Communication with family, friends and carers
Families, friends and carers play a crucial role in supporting people at the end of life. To do this effectively, they need to receive clear and timely communication. They need to be adequately informed involved in discussions about care.
Where communication breaks down, they are left to take on a greater role in coordinating care at a time when they are already struggling to come to terms with their loved one dying.
One complainant told us about the huge sense of responsibility she felt in her role as next of kin for her close friend:
‘I was the person that she [complainant’s friend] had put her trust and faith in and, given that role and responsibility to. I knew that this was the most important thing I would and ever could do for her. I wasn’t going to fail in it.’
A common theme in complaints is that families were not told clearly or early enough that their loved one was deteriorating or approaching the end of life, leaving them unprepared for what followed.
Where there is a communication breakdown with families, it compounds grief and leaves a lasting impact on those left behind. One complainant spoke to us about her mother’s final days of life, and how the communication failings affected their family:
‘I couldn’t say it was a memorable ending. And the issue comes because of the lack of communication. We were quite realistic that she was coming to the end of her life. What you’re wanting as a family is for it to be a peaceful time where the family can spend some quality time and talk about memories. I don’t have that. And I can’t take away those scars, those memories live on with me for life.’
A lack of clear information
In some cases, families reported being given partial or contradictory information about diagnosis, treatment or discharge plans. As a result, families did not understand what to expect and were more likely to perceive care as unsafe or inappropriate, even when there were no clinical failings:
‘I just needed to talk to someone… anyone that could inform me about what was going on. It doesn’t cost anything to talk.’
We found that in some cases a lack of understanding about the implications of active treatment left families feeling they had missed the opportunity to explore different care options with their loved one. One complainant described the consequence of not having a full explanation of what active treatment would mean for her mother:
‘The consultant asked us, “has nobody explained the implications of having the surgery, because it can be extremely painful”. We should have been told earlier so we could have sat with mum and said, do you really want to go through this? Is it worth going through that pain or is the best pathway forward palliative care? Had we had that option before, not waiting for that surgical team, we could have got her into a care home that does palliative care, or got her home with Macmillan support.’
Compassion and empathy
Families described times where they felt dismissed or not properly listened to, particularly at emotionally difficult moments when empathy would have made a significant difference:
‘There were comments around the fact that I was a nuisance… It was obvious anyway, that I was not welcome.’
Families told us that even if staff could not meet their wishes for their loved one, compassionate communication to explain this and acknowledge their situation would have made them feel much more supported.
Even when their overall experience of communication had been poor, families remembered well the staff who showed them kindness and empathy at a time when they needed it most. A complainant told us about a memorable conversation she had with a cancer consultant caring for her mother:
‘She showed empathy and spent time explaining to us… I couldn’t have asked any more from her – it was her understanding, her empathy and she was thinking about my mother and the best way forward for her.’
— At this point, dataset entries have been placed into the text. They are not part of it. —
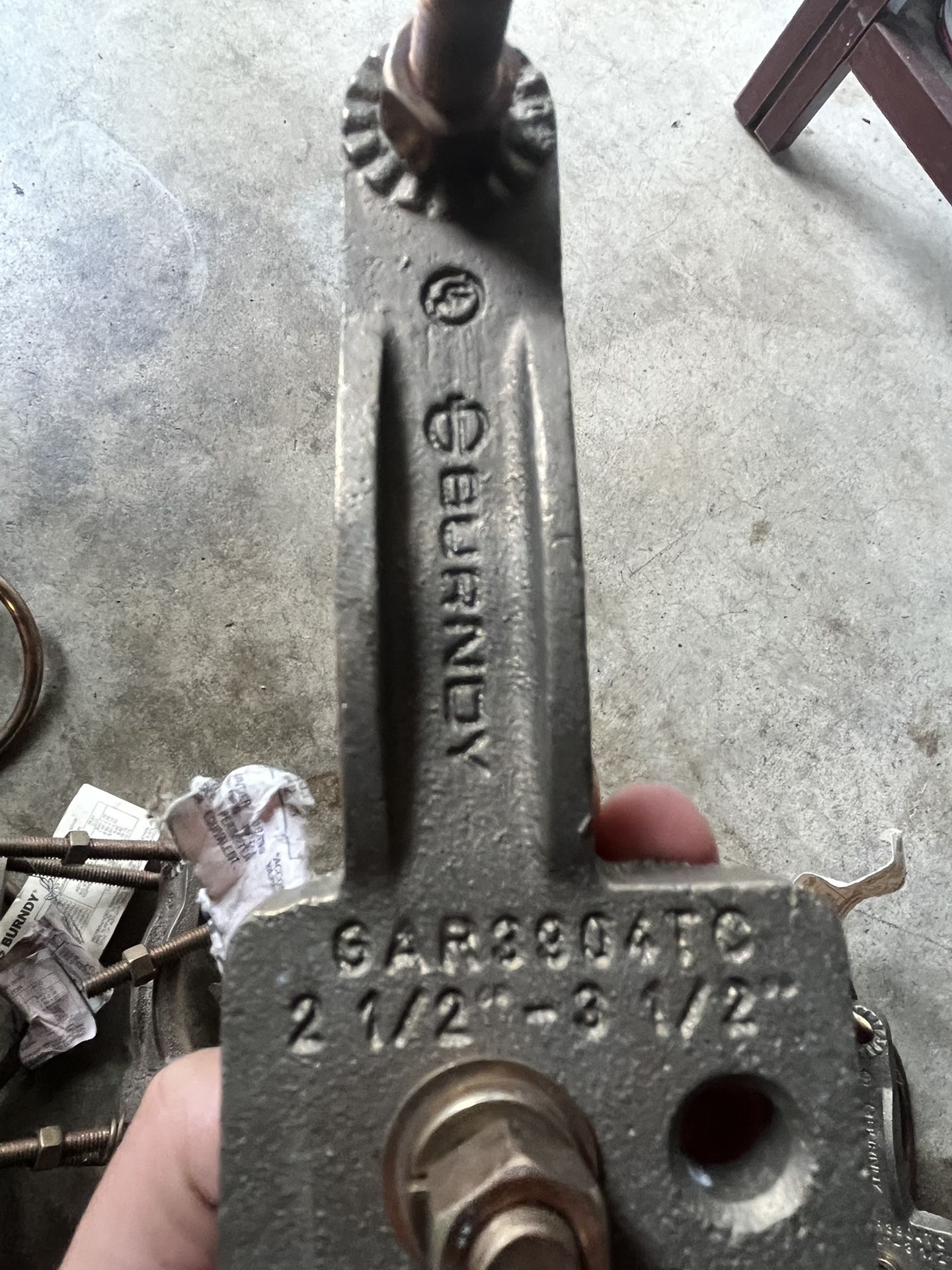 Burndy Ground Clamp 2 1/2" To 3 1/2"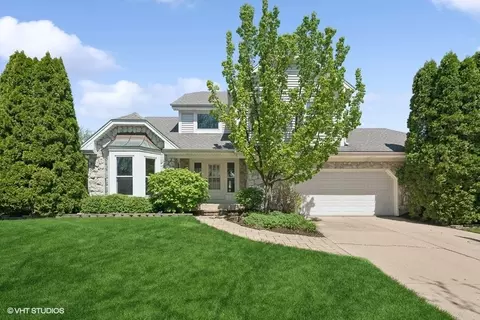 564 Eastwick Ln, Bartlett, IL 60103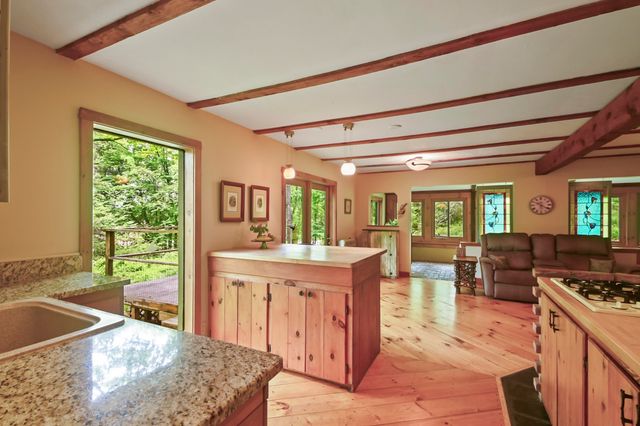 117 Barrett Hill Road, Wilton, NH 03086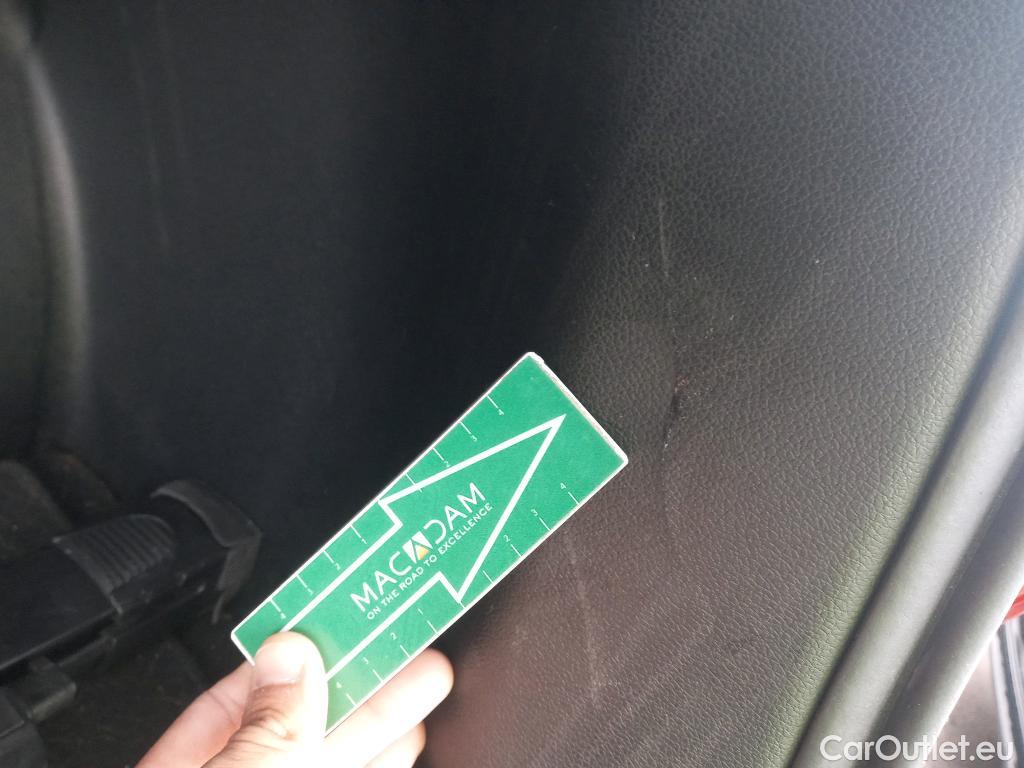  Hyundai  Santa Fe HYUNDAI  / 2021 / 5P / todoterreno 1.6 TGDi HEV Tecno Auto 4x2 #30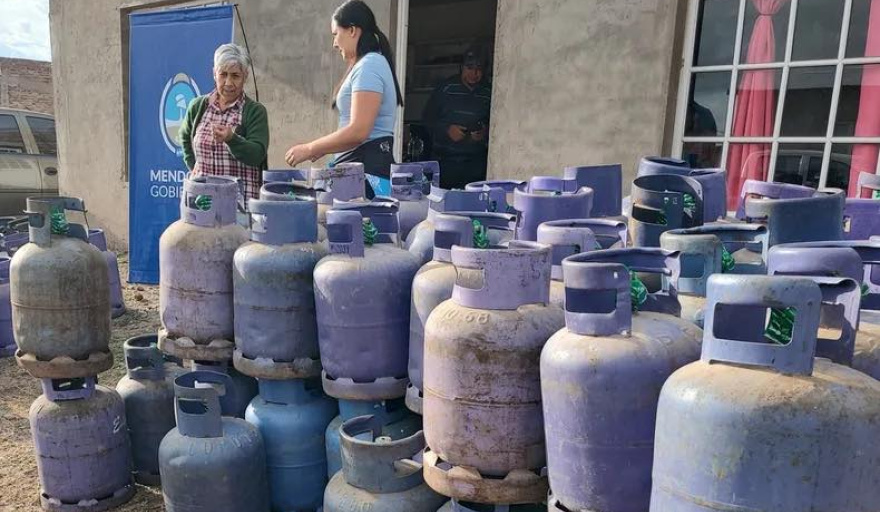Zona Fría: el cambio que deja a miles sin subsidio para garrafas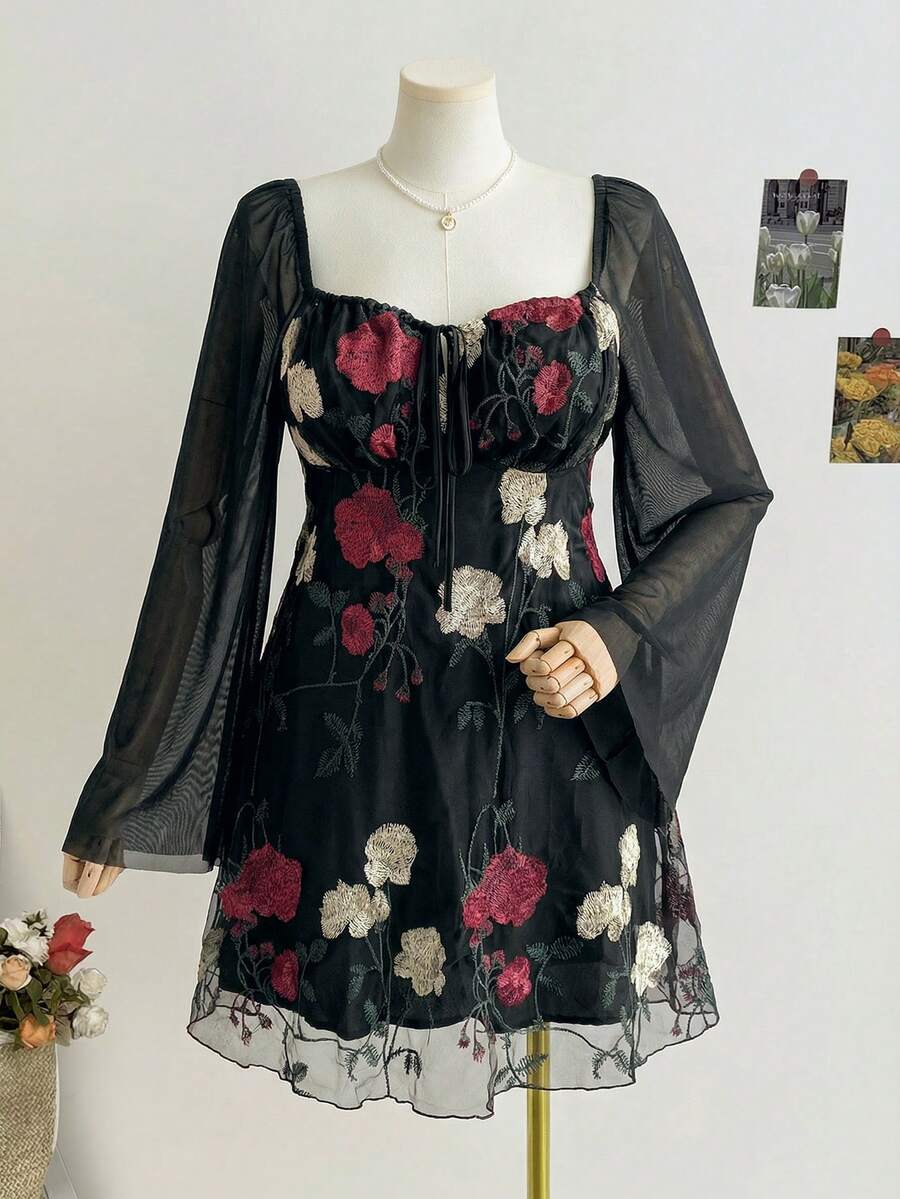 Soleia Váy ngắn chữ A thêu hoa lãng mạn cỡ lớn dành cho nữ, tay dài xòe, phong cách nghỉ dưỡng - màu đen - Xem 1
Another complainant told us about a nurse who made her feel reassured:
‘I did notice there was one particular nurse who seemed caring, who seemed as though he knew what was happening. I used to breathe a sigh of relief when he was there.’
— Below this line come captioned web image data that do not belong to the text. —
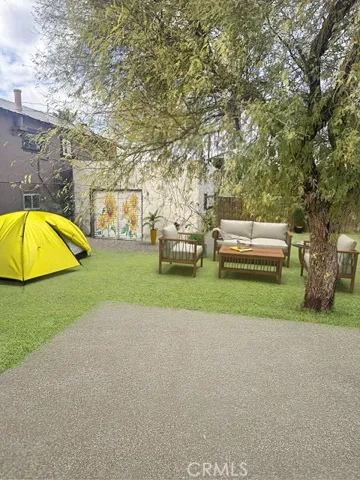 AI Photos No furniture in the yard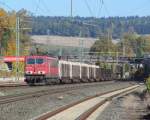 155 171-3 zieht am 19. Oktober 2012 einen gemischten Gterzug durch Kronach.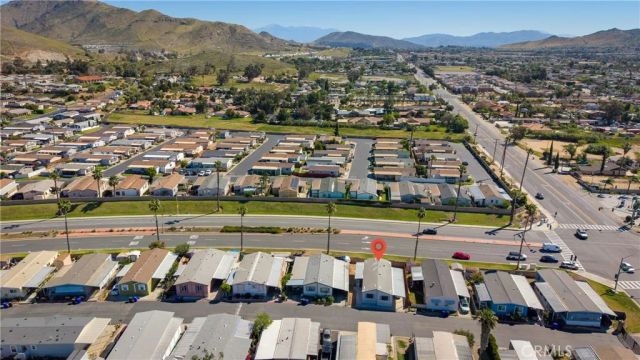 4041 Pedley 4, Jurupa Valley, CA 92509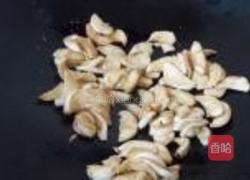 红椒炒白茄的做法图解3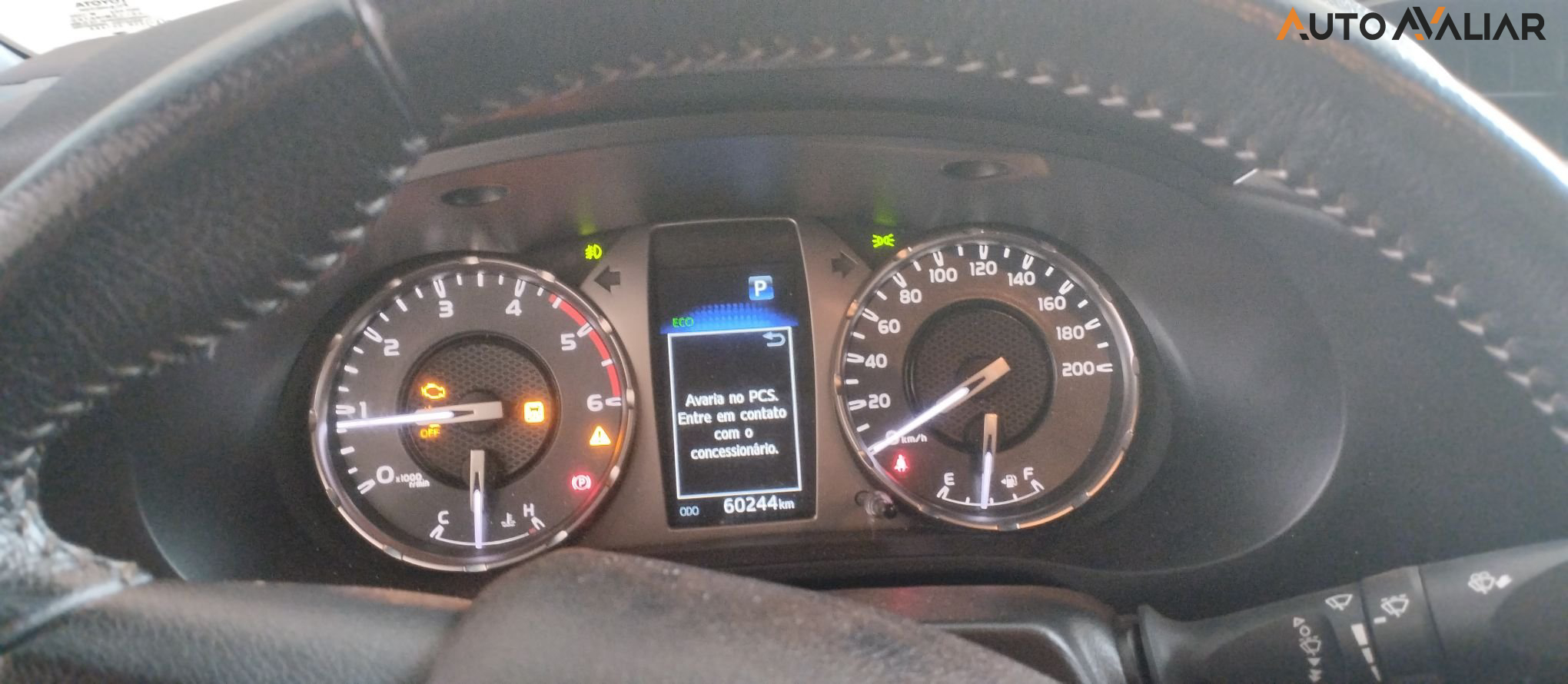 TOYOTA HILUX 2.8 D-4D TURBO DIESEL CD SRX 4X4 AUTOM&Aacute;TICO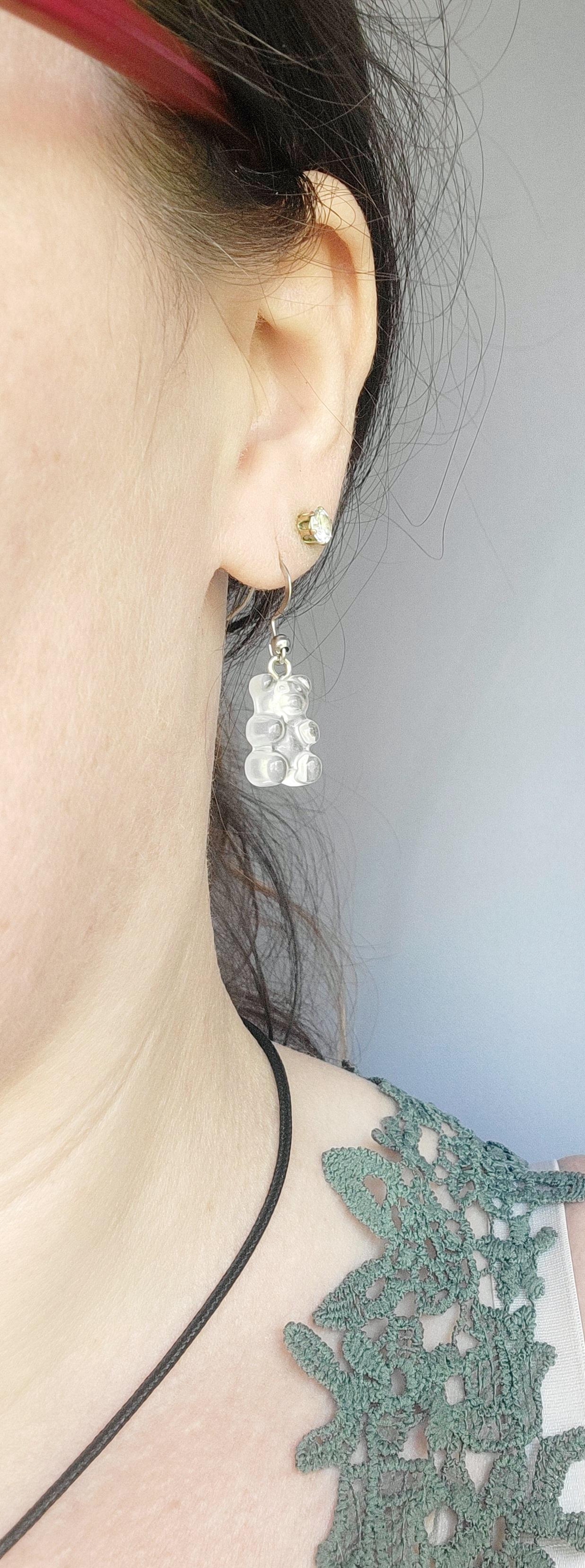 Boucles-d'oreilles fantaisie fait main accessible à tous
Complainants recognised the challenging environment healthcare professionals work in and acknowledged that excellent practice exists. They identified consistency as the real issue to tackle:
‘There’s lots of people working very hard to do a very good job and they shouldn’t be undermined by instances of where things fall short. We just need to close that gap.’
NACEL’s Good Practice Compendium
The National Audit of Care at the End of Life (NACEL) is a national comparative audit of the quality and outcomes of care in the final admission before death. It covers acute hospitals, community hospitals and mental health inpatient providers in England, Wales and Jersey, and looks at the experience of the dying person and those close to them.
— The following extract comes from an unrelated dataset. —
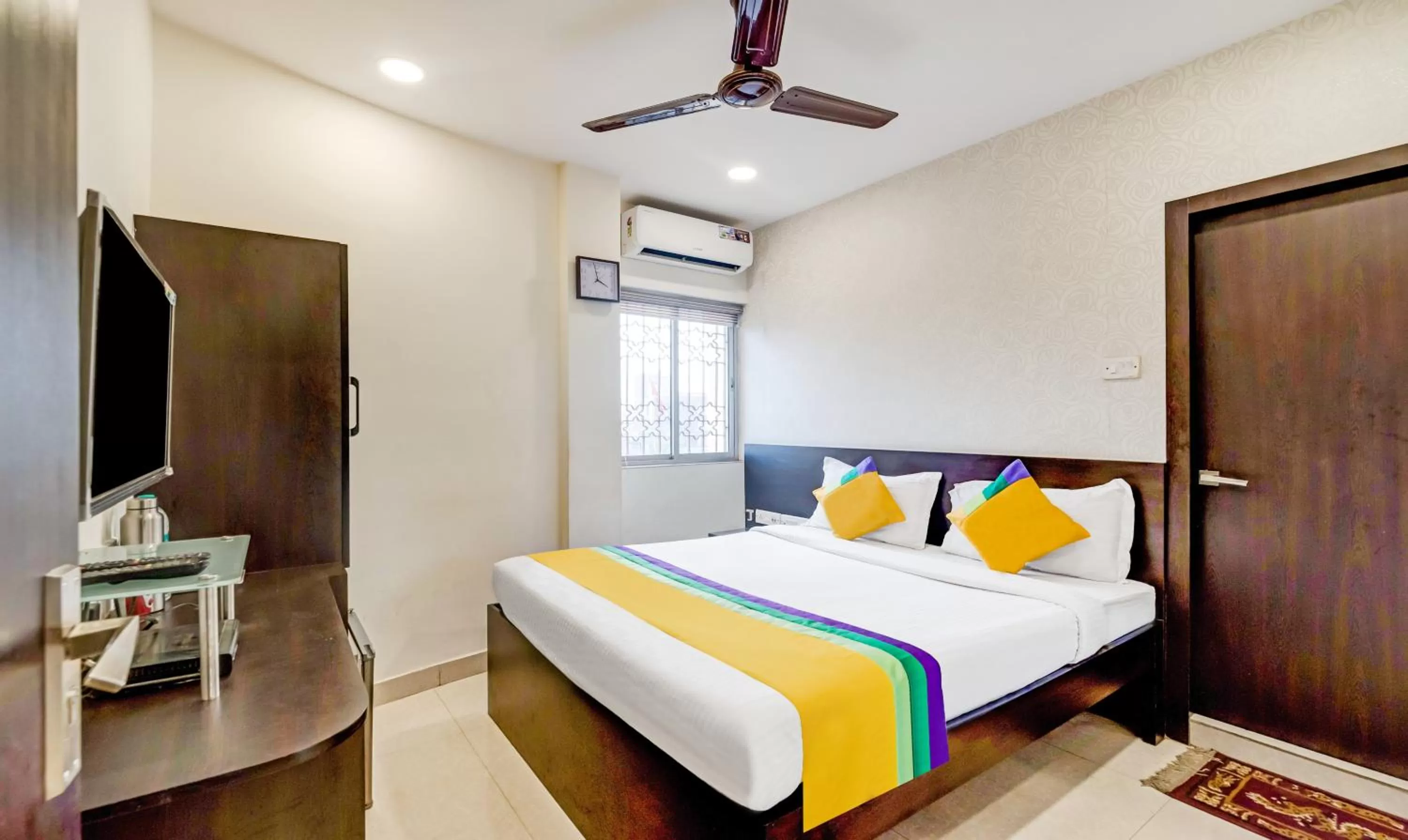 Bedroom, Bed in Itsy Hotels Neeranand Plaza, Bhawanipur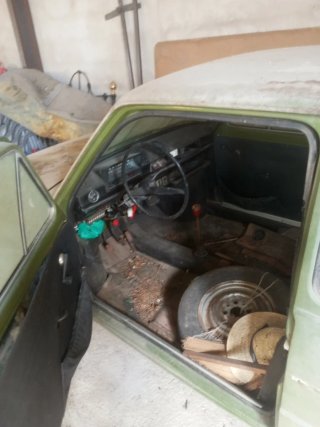 SEAT 133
The Good Practice Compendium brings together examples of innovation and improvement in end of life care, shared by hospitals through NACEL. It showcases initiatives developed by local teams to address common challenges in end of life care, including communication.
Example: Dorset County Hospital NHS Foundation Trust - Dorset County Hospital
The hospital introduced several initiatives aimed at improving communication with patients at the end of life and with those close to them.
To provide more personalised and patient-centred communication, the hospital embedded a simple question around ‘what matters most to you now/in the future?’into training and practice. It introduced an End of Life Support Worker role to provide ward-based and classroom teaching, helping staff build confidence in recognising when patients are dying and in communicating effectively.
As a result, patients known to the palliative care team now routinely have conversations about what is most important to them, staff training has doubled, and communication is more consistent, coordinated and focused on patients and families.